The task — Include the line containing "The Adventures Of" and every line after it up to the end of the material below; reproduce them exactly and drop the pictures.

Collected data —
====================
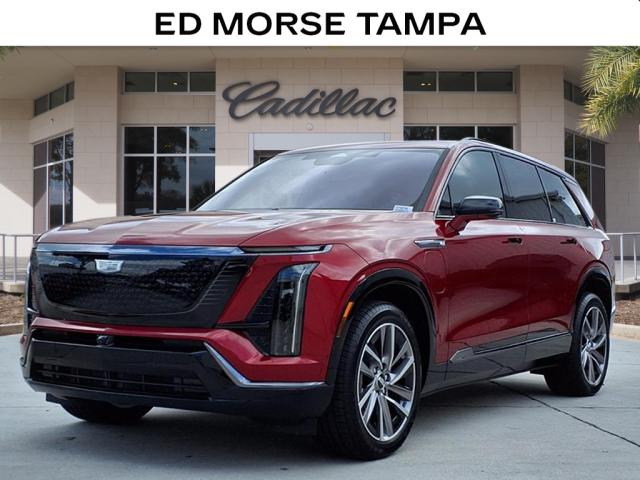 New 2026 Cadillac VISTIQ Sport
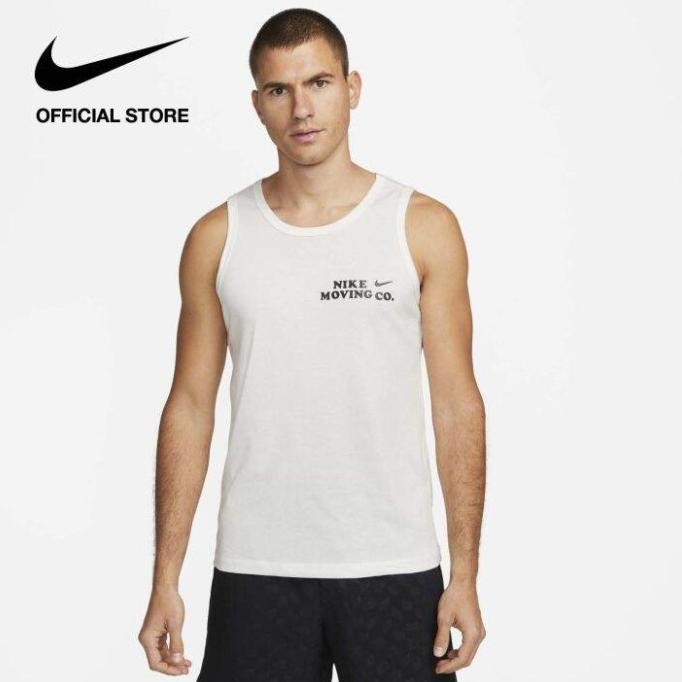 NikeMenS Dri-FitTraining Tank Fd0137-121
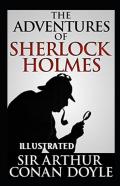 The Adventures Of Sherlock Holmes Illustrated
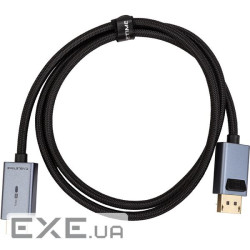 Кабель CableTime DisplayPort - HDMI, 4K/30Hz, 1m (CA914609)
====================
Solution to the exercise —
 The Adventures Of Sherlock Holmes Illustrated
 Кабель CableTime DisplayPort - HDMI, 4K/30Hz, 1m (CA914609)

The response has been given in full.